Pigskin for Pooches

Animal Care Foundation brings tailgate theme to fundraiser

It was a rainy but fun day Sept. 19 for the Smoky Mountain Animal Care Foundation as they hosted the inaugural Pigskin for Pooches fundraiser at Smith Pavilion in Maryville.

The event raised $5,000 before expenses to benefit Phase II construction of the Blount County Animal Center, foundation president Chris Protzman said.

“We had a great turnout. We estimated the crowd at well over 230 people, and we raised about $5,000 before expenses. We’re very please with that considering it was raining all day,” he said.

Protzman praised Charles Wear for preparing “world-class” barbecue for the event. “Everyone enjoyed the barbecue. That was a delicious beginning of what ended up being a great day,” he said.

Protzman said the foundation wanted to do a fall event when Justin Chambers at Smith Funeral Home offered to host an event at Smith Pavilion. Sept. 19, the date of the University of Florida/University of Tennessee football game, was open at the Pavilion, and the foundation opted to have tailgate party fundraiser for the animal center. The event featured animals from AnimalWorks looking to be adopted into forever homes, he said.

Abbey Sinders, a Bluegrass fiddle player who performed with her family, opened the event with an hour long concert. Blount County deputy Chris Morgan showed off the agility of his partner K-9 Officer Hanson. Guests also were entertained by the canine show, the Chattanooga Orange Blast. A Chihuahua “sang” Rocky Top before the game kicked off.

“We had a live auction with original work from artist Rara Schiltt, which was by far the crowd favorite, and raised over $800 in silent auction donations alone,” said Protzman.

Protzman said all proceeds went toward Phase II of the animal center.
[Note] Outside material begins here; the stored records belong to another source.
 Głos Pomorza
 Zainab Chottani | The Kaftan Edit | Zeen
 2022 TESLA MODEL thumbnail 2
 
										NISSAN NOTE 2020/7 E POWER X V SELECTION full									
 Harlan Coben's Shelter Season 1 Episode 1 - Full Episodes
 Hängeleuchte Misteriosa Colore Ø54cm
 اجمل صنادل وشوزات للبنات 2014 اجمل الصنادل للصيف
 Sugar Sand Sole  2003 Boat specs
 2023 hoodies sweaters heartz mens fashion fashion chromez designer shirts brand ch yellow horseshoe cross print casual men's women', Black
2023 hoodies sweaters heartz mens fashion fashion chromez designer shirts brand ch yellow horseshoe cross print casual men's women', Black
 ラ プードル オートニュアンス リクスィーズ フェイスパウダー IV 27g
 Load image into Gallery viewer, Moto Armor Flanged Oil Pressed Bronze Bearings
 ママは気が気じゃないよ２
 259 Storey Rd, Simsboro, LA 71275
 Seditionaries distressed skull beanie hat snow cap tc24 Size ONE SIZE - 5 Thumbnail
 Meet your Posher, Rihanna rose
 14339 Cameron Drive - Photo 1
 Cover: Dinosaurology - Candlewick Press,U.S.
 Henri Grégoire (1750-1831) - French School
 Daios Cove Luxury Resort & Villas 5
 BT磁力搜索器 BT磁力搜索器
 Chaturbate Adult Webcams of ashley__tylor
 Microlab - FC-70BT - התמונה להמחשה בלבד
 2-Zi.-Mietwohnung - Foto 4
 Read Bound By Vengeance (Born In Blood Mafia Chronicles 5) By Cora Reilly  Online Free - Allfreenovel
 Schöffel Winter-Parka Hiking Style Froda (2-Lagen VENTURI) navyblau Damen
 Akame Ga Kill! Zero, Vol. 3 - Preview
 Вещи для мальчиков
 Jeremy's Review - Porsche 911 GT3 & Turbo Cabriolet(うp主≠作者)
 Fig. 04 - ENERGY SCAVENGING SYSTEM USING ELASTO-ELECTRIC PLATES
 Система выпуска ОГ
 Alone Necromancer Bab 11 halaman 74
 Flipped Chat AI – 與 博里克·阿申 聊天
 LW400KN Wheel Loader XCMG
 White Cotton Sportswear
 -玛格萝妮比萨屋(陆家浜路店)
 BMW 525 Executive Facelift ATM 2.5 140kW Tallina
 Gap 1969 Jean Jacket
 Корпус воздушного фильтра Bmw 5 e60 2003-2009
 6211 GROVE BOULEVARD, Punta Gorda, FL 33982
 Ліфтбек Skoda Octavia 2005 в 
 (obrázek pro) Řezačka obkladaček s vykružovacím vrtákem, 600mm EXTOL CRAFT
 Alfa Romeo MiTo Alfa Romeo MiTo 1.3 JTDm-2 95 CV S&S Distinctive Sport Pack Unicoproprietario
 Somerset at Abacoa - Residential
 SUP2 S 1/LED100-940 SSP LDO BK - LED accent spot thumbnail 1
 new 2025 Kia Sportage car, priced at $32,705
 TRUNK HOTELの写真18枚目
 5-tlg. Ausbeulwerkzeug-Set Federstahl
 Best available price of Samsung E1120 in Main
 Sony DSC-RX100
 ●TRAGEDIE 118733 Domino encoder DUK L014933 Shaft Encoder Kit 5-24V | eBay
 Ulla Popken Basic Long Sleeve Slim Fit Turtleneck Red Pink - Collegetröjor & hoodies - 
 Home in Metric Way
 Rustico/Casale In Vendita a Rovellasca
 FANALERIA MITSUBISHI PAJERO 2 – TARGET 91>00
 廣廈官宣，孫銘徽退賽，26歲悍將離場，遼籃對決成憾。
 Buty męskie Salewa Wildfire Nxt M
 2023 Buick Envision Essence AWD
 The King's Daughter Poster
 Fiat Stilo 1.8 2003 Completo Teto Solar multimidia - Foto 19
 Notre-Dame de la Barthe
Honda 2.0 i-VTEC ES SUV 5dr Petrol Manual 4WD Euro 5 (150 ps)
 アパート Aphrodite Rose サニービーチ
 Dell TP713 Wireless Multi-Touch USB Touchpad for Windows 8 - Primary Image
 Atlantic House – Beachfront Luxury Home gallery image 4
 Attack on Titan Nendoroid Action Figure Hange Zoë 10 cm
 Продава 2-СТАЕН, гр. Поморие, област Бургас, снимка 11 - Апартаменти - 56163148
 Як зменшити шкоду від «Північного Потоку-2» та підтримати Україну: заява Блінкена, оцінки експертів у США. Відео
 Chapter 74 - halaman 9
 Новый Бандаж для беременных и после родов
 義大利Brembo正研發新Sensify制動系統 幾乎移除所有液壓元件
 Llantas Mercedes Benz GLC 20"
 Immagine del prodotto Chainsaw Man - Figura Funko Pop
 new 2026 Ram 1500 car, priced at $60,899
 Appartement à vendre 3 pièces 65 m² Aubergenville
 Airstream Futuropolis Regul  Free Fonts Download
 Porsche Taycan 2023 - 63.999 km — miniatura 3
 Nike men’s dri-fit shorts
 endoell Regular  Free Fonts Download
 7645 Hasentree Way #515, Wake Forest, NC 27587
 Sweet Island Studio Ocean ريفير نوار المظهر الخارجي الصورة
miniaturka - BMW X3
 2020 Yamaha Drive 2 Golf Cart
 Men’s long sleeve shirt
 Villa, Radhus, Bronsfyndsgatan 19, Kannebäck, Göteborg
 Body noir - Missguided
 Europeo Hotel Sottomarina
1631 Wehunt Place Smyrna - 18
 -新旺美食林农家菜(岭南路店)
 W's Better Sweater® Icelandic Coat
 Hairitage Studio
Anyone interested in donating to the Phase II construction is asked to visit www.smacf.net.

“They can donate there. We also have a link on our site now for items needed to get the shelter operational now,” he said. “We’re soliciting any and all donations of material and/or money to get the center operational immediately. Just tell us the donation is for operational needs, and it will be transferred to the county to get Phase I operating.”

Protzman said there is also a link to buy dog beds for each kennel.

The Kubanda beds are suspended, hammock-style beds made of poly resin on a PVC frame. “It gets them off the concrete, makes them less anxious and more adoptable,” he said. “We’re trying to get 50 beds, one for each kennel.”